___ DATASET ENTRIES

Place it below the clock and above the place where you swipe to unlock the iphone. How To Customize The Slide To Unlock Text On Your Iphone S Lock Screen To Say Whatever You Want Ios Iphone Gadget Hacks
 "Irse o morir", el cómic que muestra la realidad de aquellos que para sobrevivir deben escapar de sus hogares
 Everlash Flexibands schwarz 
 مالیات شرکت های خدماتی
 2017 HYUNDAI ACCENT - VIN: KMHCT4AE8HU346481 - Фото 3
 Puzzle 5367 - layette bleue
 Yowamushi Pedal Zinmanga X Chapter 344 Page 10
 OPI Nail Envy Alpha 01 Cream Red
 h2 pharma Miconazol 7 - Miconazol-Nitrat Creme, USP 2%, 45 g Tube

______

ACTIVITY. Go through the material and set every line down again exactly.

FINAL ANSWER.
Place it below the clock and above the place where you swipe to unlock the iphone. How To Customize The Slide To Unlock Text On Your Iphone S Lock Screen To Say Whatever You Want Ios Iphone Gadget Hacks
 "Irse o morir", el cómic que muestra la realidad de aquellos que para sobrevivir deben escapar de sus hogares
 Everlash Flexibands schwarz 
 مالیات شرکت های خدماتی
 2017 HYUNDAI ACCENT - VIN: KMHCT4AE8HU346481 - Фото 3
 Puzzle 5367 - layette bleue
 Yowamushi Pedal Zinmanga X Chapter 344 Page 10
 OPI Nail Envy Alpha 01 Cream Red
 h2 pharma Miconazol 7 - Miconazol-Nitrat Creme, USP 2%, 45 g Tube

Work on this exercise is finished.